3.4. Pursuant to Section 24 (1) VwGVG, the administrative court must hold a public oral hearing upon application or, if it deems it necessary, ex officio.3.4. According to paragraph 24, paragraph one, VwGVG, the administrative court must hold a public oral hearing upon application or, if it deems it necessary, ex officio.

In the present case, the hearing according to § 24 para. 2 no. 1 VwGVG could be omitted, since the party's application initiating the previous administrative procedure - in this case the data protection complaint of the BF - had to be rejected. In addition, the Federal Administrative Court only had to rule on a legal issue (cf. ECHR June 20, 2013, Appl. No. 24510/06, Abdulgadirov/AZE, margin nos. 34 et seq.). Neither Art. 6 Para. 1 EMRK nor Art. 47 of the Charter of Fundamental Rights stand in the way of the omission of the hearing. here the data protection complaint of the BF - was to be rejected. In addition, the Federal Administrative Court had to rule exclusively on a legal issue, see ECtHR June 20, 2013, Appl. No. 24510/06, Abdulgadirov/AZE, margin no. 34 ff). Neither Article 6, Paragraph 1 of the ECHR nor Article 47 of the Charter of Fundamental Rights stand in the way of the omission of the hearing.

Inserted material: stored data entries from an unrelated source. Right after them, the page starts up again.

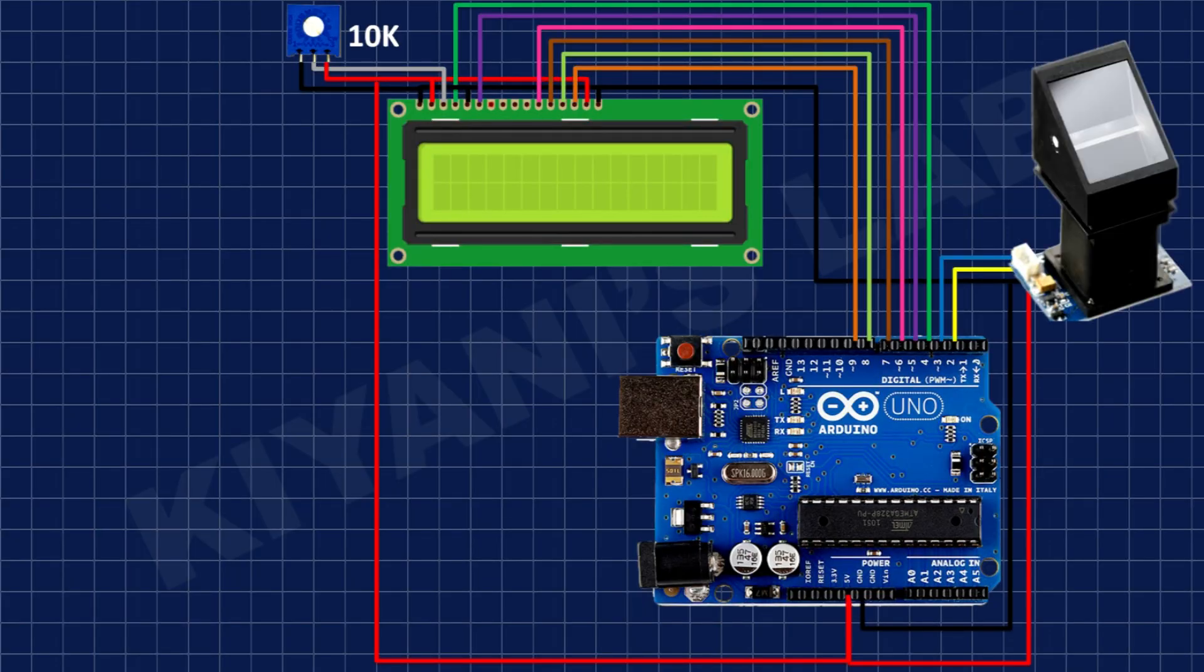After that, I have connected the fingerprint module to Arduino. I have connected the TX pin of fingerprint module to pin number 2 of Arduino and its RX pin to pin number 3 of Arduino.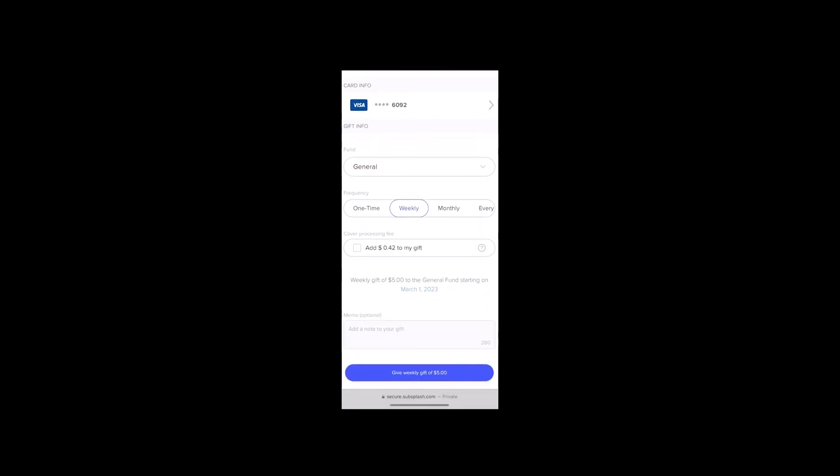You can even cover the processing fee, so your generosity multiplies. So hit that Give button, and then you're officially signed up to support your church, Malibu Pacific Church. Thank you so much for all your generosity and supporting your local church.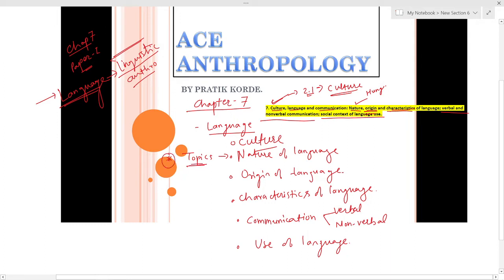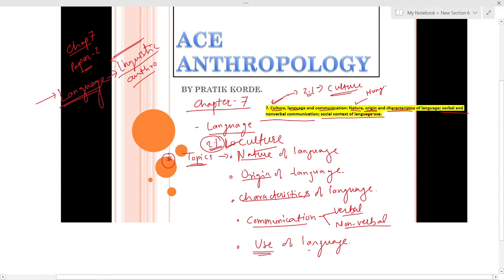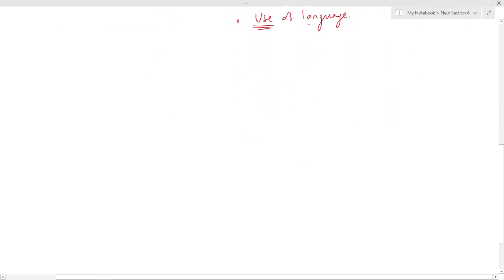The video will start with the definition of culture, which we have already done in topic 2.1, but here we will just brush up on that. Then we will talk about the nature of language, origin of language, characteristics of language, and communication — focusing on verbal and non-verbal communication. The last topic will be the social context of language use.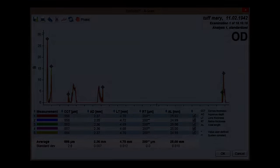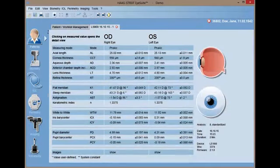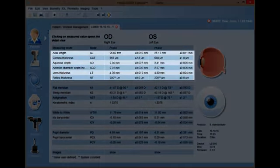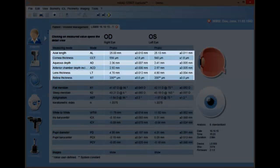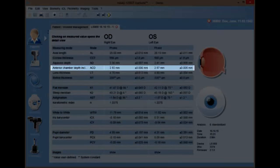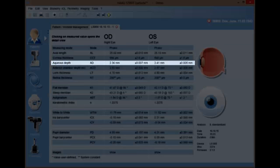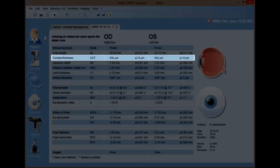All length measurements are displayed in the iSuite results overview page. A specialty is the ACD measurement as it is separated into CCT from the epithelium to the endothelium and AD or aqueous depth from the endothelium to the anterior surface of the lens. AD and CCT measurements are separated to grant the user the capability of independent analysis.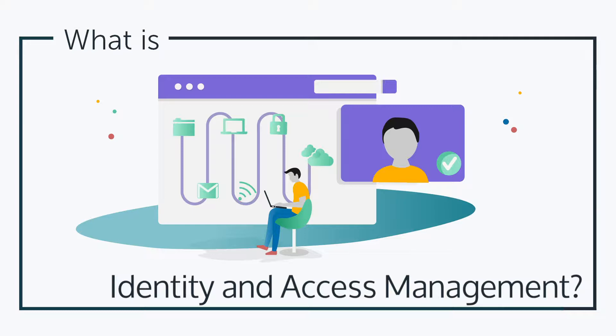In this episode, we'll be talking about identity and access management. So, what is identity and access management?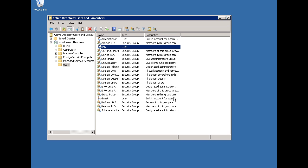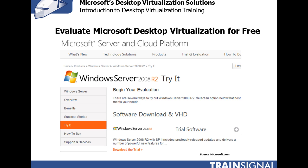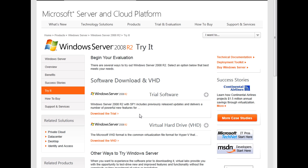Now that you've seen Microsoft's desktop virtualization solutions in action, you can evaluate them for free by downloading Windows Server 2008 R2 from Microsoft.com. All the different pieces that make up Remote Desktop Services are contained within the Windows Server 2008 installation, so you can try out any of the components simply by downloading that Windows Server eval. You can even download a VHD — a virtual hard drive — of Windows Server 2008 to bypass installation and save time getting the server up and running, then start enabling and configuring Remote Desktop Services.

3.5. It had to be decided accordingly.

Regarding B) Admissibility of the revision:

Pursuant to § 25a Para. 1 VwGG, the administrative court has to pronounce in its ruling or resolution whether the revision is admissible in accordance with Art. 133 Para. 4 B-VG. This statement must be briefly reasoned. According to paragraph 25 a, paragraph one, VwGG, the administrative court has to pronounce in its decision or decision whether the revision is permissible according to Article 133, paragraph 4, B-VG. This statement needs a brief justification.

The revision is admissible because the decision depends on the solution of a legal question that is of fundamental importance. So far, there has been no case law from the Administrative Court to what extent the deadline of Section 24 (4) DSG also applies to cases in which the person concerned explicitly bases their complaint on Art. 77 GDPR. The revision is permissible because the decision depends on the solution depends on a legal question that is of fundamental importance. So far, there has been no case law from the Administrative Court to what extent the period of paragraph 24, paragraph 4, DSG also applies to those cases in which the person concerned explicitly bases his complaint on Article 77, GDPR.